With that bad news meaning good news for our county education system, Benton said, “We presented our project to the state department and we were placed in ranking order to be considered for special needs monies from the state legislature. It has been a long five-year process, but the Florida legislature finally accepted our project and the funding is now in place. Jackson County was provided nineteen million dollars this past spring in special facilities funding and will be provided an additional nineteen million dollars each year for the next two years. The total project is fifty-seven million with the state providing forty-nine million and Jackson County paying back eight million over the next three years from monies provided through the half-cent sales tax.”

Benton closed with saying “I greatly appreciate Mr. Frank Bondurant and Dr.

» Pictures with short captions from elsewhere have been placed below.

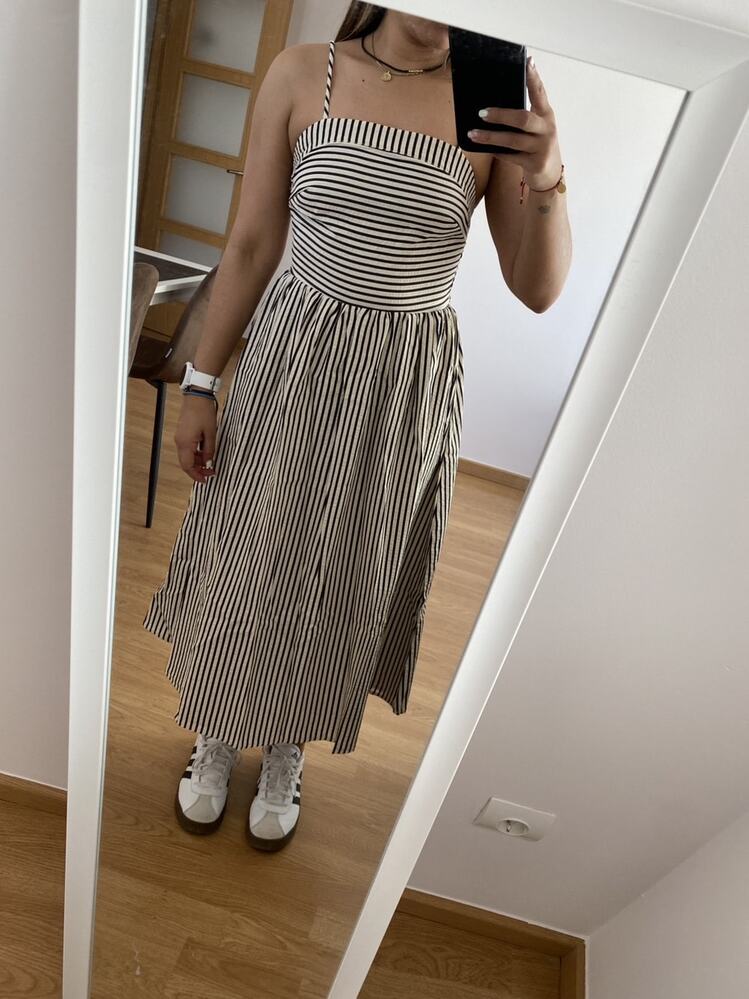SOERA Airlin Striped Ruched Cami Maxi Dress - Dress - SOERA-102787-MAR-XS-89123 XS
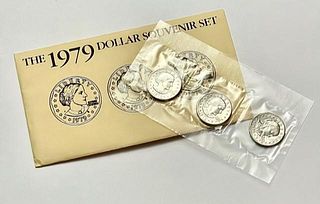 1979 Susan B. Anthony Dollar (3-Coin) Souvenir Set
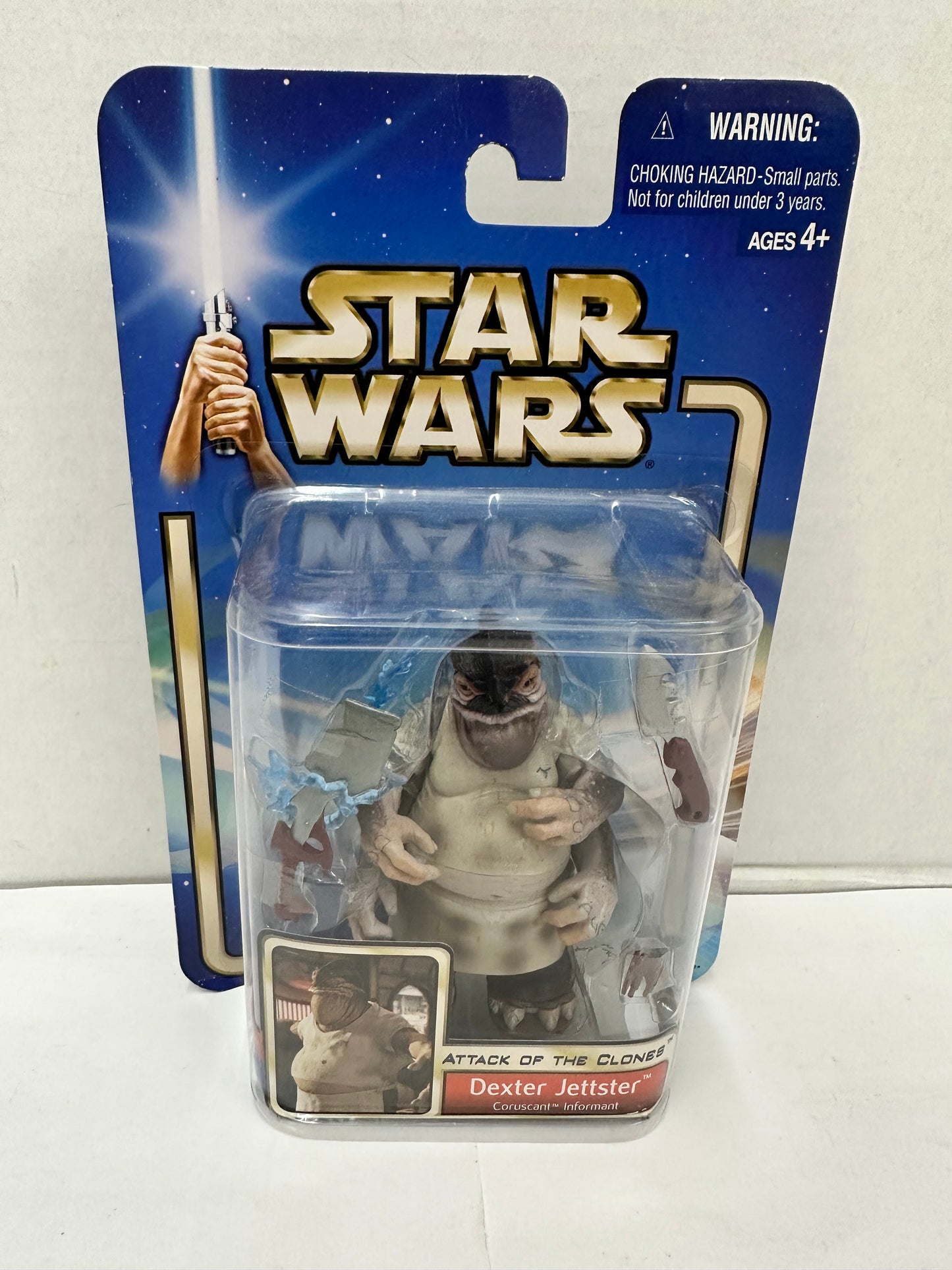 Star Wars Attack Of The Clones Dexter Jettster 3.75" Action Figure 2002 Hasbro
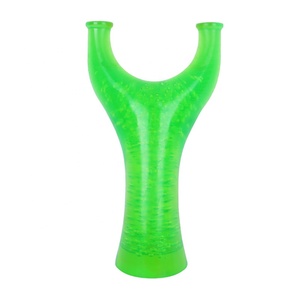 Catapult polycarbon đầy màu sắc pha lê bay hổ nhựa catapult da phẳng bay hổ đảo ngược bắn - Product Image 4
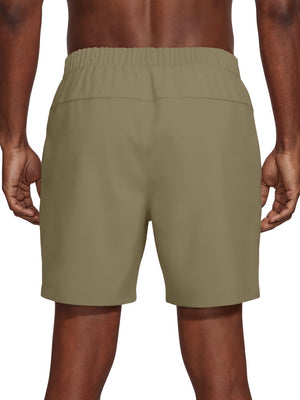 Nike Swim Fadeaway Essential Men's 7" Fully Lined Volley Short - Parachute Beige alternate image 3
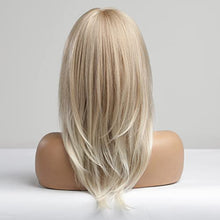Load image into Gallery viewer, Medium length layered heat resistant wig with bangs Wig Store
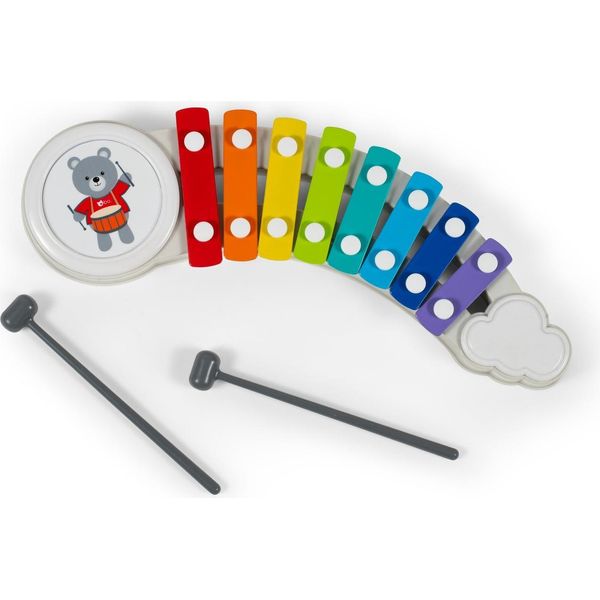 Xilofono Con 8 Tasti Colorati E Mazza Per Bambini-image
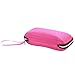GU Angqi Elegant Portable Zipper Eye Glasses Sunglasses Hard Case Protector Box Pink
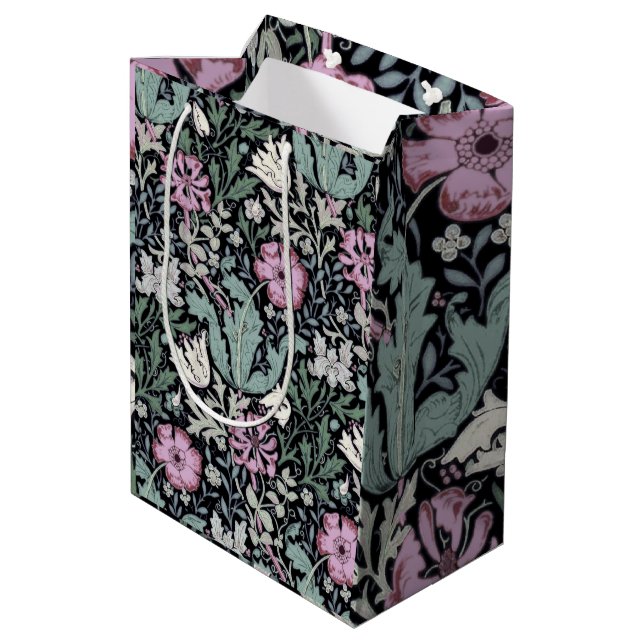 Sac Cadeau Moyen William Morris Poppy Botanical Victorian Wallpaper (Dos Angle)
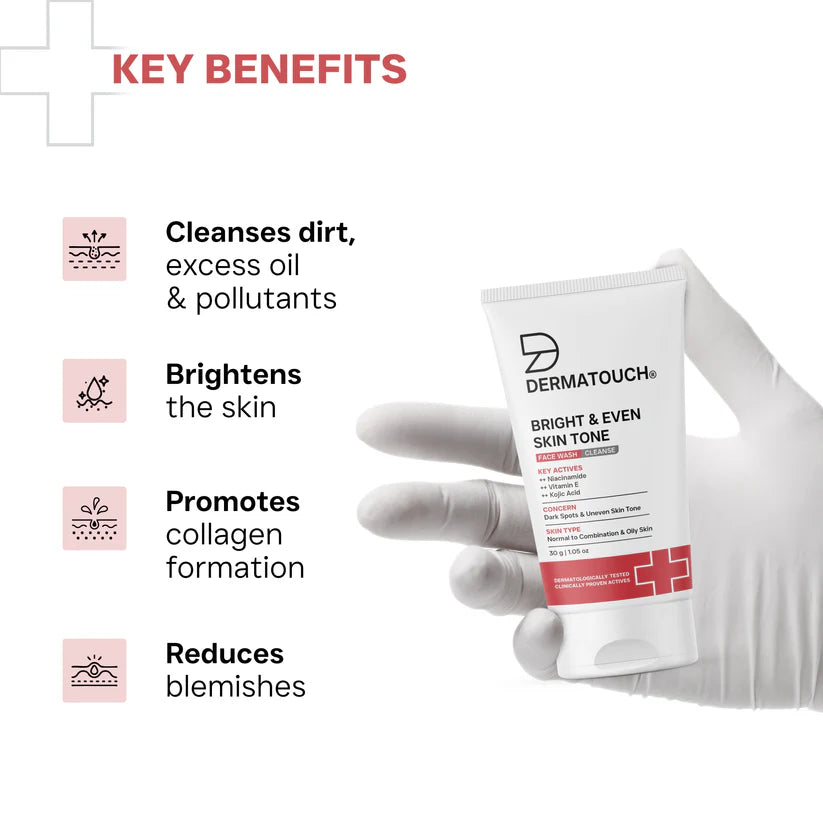Bright & Even Skin Tone Face Wash for Dark Spots & Uneven Skin Tone
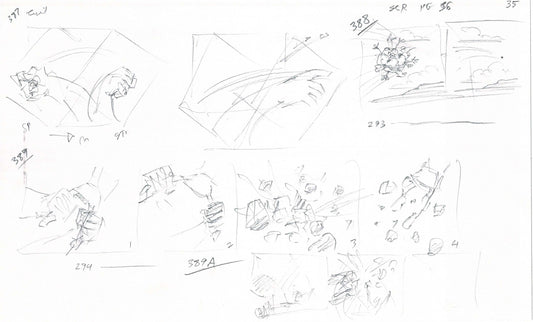 Hercules Walt Disney Production Animation Drawing Used to Make an Episode Wendell Washer A95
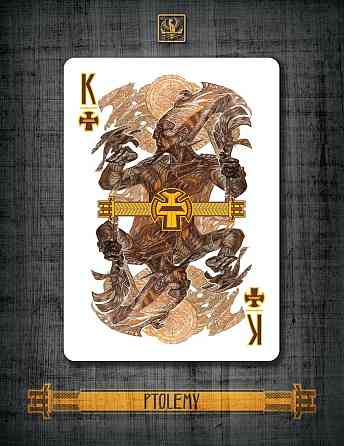 Игральные карты Egyptium, издание Sunny, покерный размер, 54 карты 63х88мм 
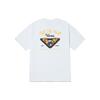 Vans Letter Print Crew Neck Straight Cut Short Sleeve T-Shirt Men Tops White VN000BYXWHT1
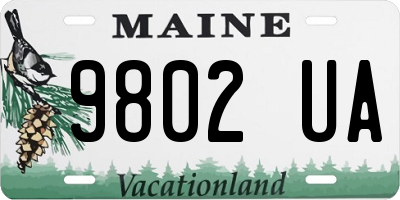 ME license plate 9802UA
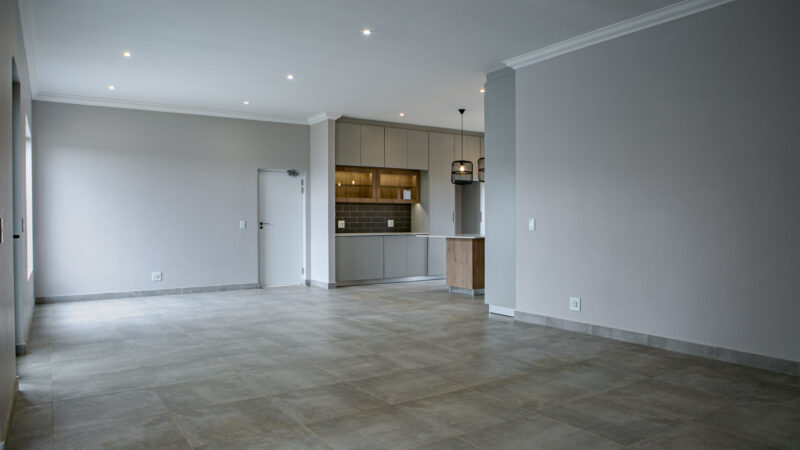 Spacious open-plan interiors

Terry Nichols on the local level.  Without the support of these two individuals my vision of a new K-8 school becoming a reality would not have been possible.  On the state level, I am very appreciative to Senator Don Gaetz, Senator George Gainer and Representative Brad Drake. Additionally, Chuck Roberts with Culpepper Construction was instrumental in lobbying the legislature. I am particularly proud of Senator Bill Montford who is also C.E.O. of the Florida Association of School District Superintendents.  Although he is not a Jackson County Senator, he guided me through the process and used his influence in the Florida legislature to help acquire the new K-8 school.”

Benton was very happy to be a part of the groundbreaking ceremony, “I am extremely excited to see the K-8 school project becoming a reality.  It’s always been my desire and my goal to see that the students in our district receive the best education possible. Providing our students with one of the safest facilities in the state of Florida is certainly a giant step in the right direction. I am very pleased to have been an integral part of this process and I look forward to seeing our students attending the completed K-8 school.”

Superintendent of Schools Larry Moore was all smiles last Thursday, “I am very appreciative of all the work that has gone into the K-8 project thus far.  I especially want to thank Stuart Wiggins for the work he has done and the support of the members of the School Board.  Our Legislative delegation deserves a lot of credit for their efforts in getting the funding approved.  I would again like to thank the citizens of Jackson County for their investment in our children’s future.  The completion of the new school will provide a much need State of the Art energy efficient facility for our students and teachers to utilize for many years to come.”